While I wished to create a dark comedy with the broadest “Monty Python-esque” style … with Covid-19 hitting us all very hard, it was a trying time to be creating such a piece! We did get one chance to share, before everything was closed down and received some excellent feedback. However, the macabre nature of ITY? seemed “off” with regards to the heroic nature of our outstanding medical community in these unprecedented times.

As they say… timing is everything.

Is That You?
Is That You? (2020)

3. What production or artist or scholar has had the most impact on you over the course of your career?
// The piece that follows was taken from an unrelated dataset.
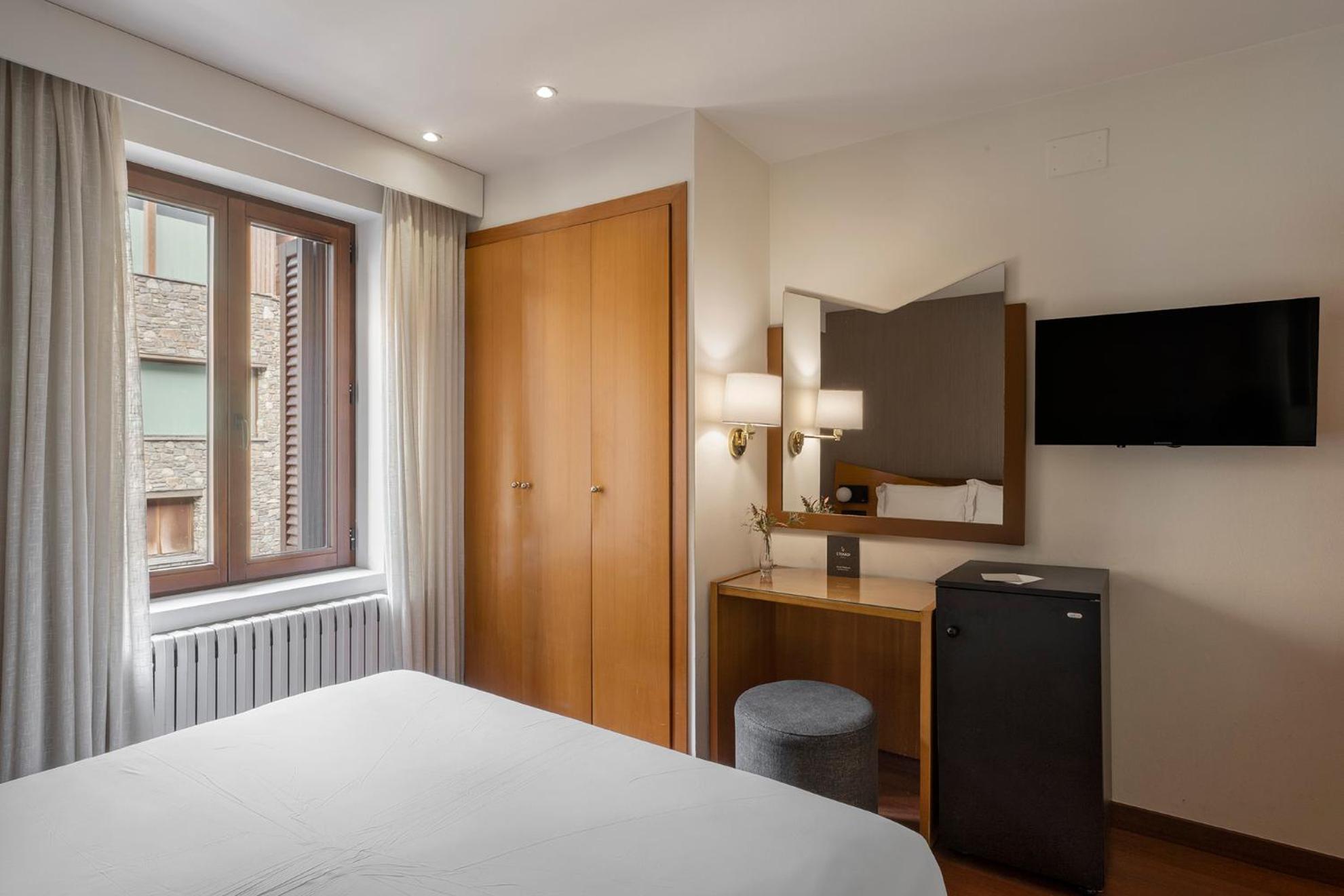 De L'isard Hotel Andorra la Vieja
Ah… there are so many! When creating the new Physical Aspects of Theatre Course, I was able to assemble video viewings of some of my favorite companies. Netherlands Dance Theatre, Crystal Pite, Hofesh Shechter, Batsheva Dance Company, Punchdrunk Theatre Company, Third Rail Projects and of course the one and only Pina Bausch.

As a deaf artist, I most connect with immersive physical theatre. With the intimacy and immediacy of this form, I am able to feel the piece on a visceral level. With my Devised Theatre colleagues Ian Garrett and Laura Levin, I was thrilled to take many Devised Theatre Students to see Sleep No More in New York City (along with many other fantastic shows!)

4. Is there an image or a quotation that inspires you?

I often share this with my students, when they are deep in the creative and learning process; when they are ONLY seeing obstacles, darkness… with no way through the forest:

There is a vitality, a life force, an energy, a quickening that is translated through you into action, and because there is only one of you in all of time, this expression is unique. And if you block it, it will never exist through any other medium and it will be lost. The world will not have it. It is not your business to determine how good it is nor how valuable nor how it compares with other expressions. It is your business to keep it yours clearly and directly, to keep the channel open. You do not even have to believe in yourself or your work. You have to keep yourself open and aware to the urges that motivate you. Keep the channel open. … No artist is pleased. [There is] no satisfaction whatever at any time. There is only a queer divine dissatisfaction, a blessed unrest that keeps us marching and makes us more alive than the others. —Martha Graham

5. What are some of the projects you undertook during your sabbatical?

During my 6 month Sabbatical, I was able to fully invest in the largest creation project of my life; the creation of an Artist Residency, situated on Salt Spring Island, Canada.

For the past three years, I have been researching the effects of a restorative natural setting, or the removal of interruptions that consume excessive cognitive resources on the creative process. With the assistance of a SSHRC Research Opportunity Grant “Canadian Spaces for Innovation and Creation: fostering expansive thinking through natural settings”, my partner William Mackwood and I were able to attend the Res Artis conference in Rovaniemi, Lapland. Res Artis is an International Association of Artist Residencies of which we are members. https://resartis.org/

We then made site visits to two outstanding artist residencies situated in natural surroundings.
1. The Ross Creek Centre for the Arts: a multi-disciplinary arts residencies and education centre based in rural Nova Scotia. The Ross Creek Centre for the Arts is a research and development centre for the arts of all disciplines and cultures, and is proud to help facilitate the development of new art from around the world in wonderful facilities on a spectacular farm in rural Nova Scotia.
http://www.artscentre.ca/
2. Fogo Island Arts: off the coast of Newfoundland, is a residency-based contemporary art venue, providing support for artistic exploration and production for artists, filmmakers, writers, musicians, curators, designers, and thinkers from around the world. The location descriptors include: the drama of its Atlantic Ocean backdrop, a brilliant night sky, panoramic views of the ocean.
https://www.fogoislandarts.ca/programs/residencies/

Truss being craned onto the structure.

In May 2019, we began the construction of the Woodland Farm Artist Residency. Situated on Canada’s beautiful west coast, within the territories of the Coast Salish peoples, it is a sanctuary to breathe, dream, experiment, create and play.

I spent all summer and fall continuing to research Artist Residencies, manage, assist, and help construct this new and special space.

Beginning in Spring 2021, Artists in Residency will have 24/hr access to the Creation Barn. The space is approx. 860sqft (83sq Meters) in a completely newly built space with soaring 19ft (6 Meters) gabled ceilings and sprung floors.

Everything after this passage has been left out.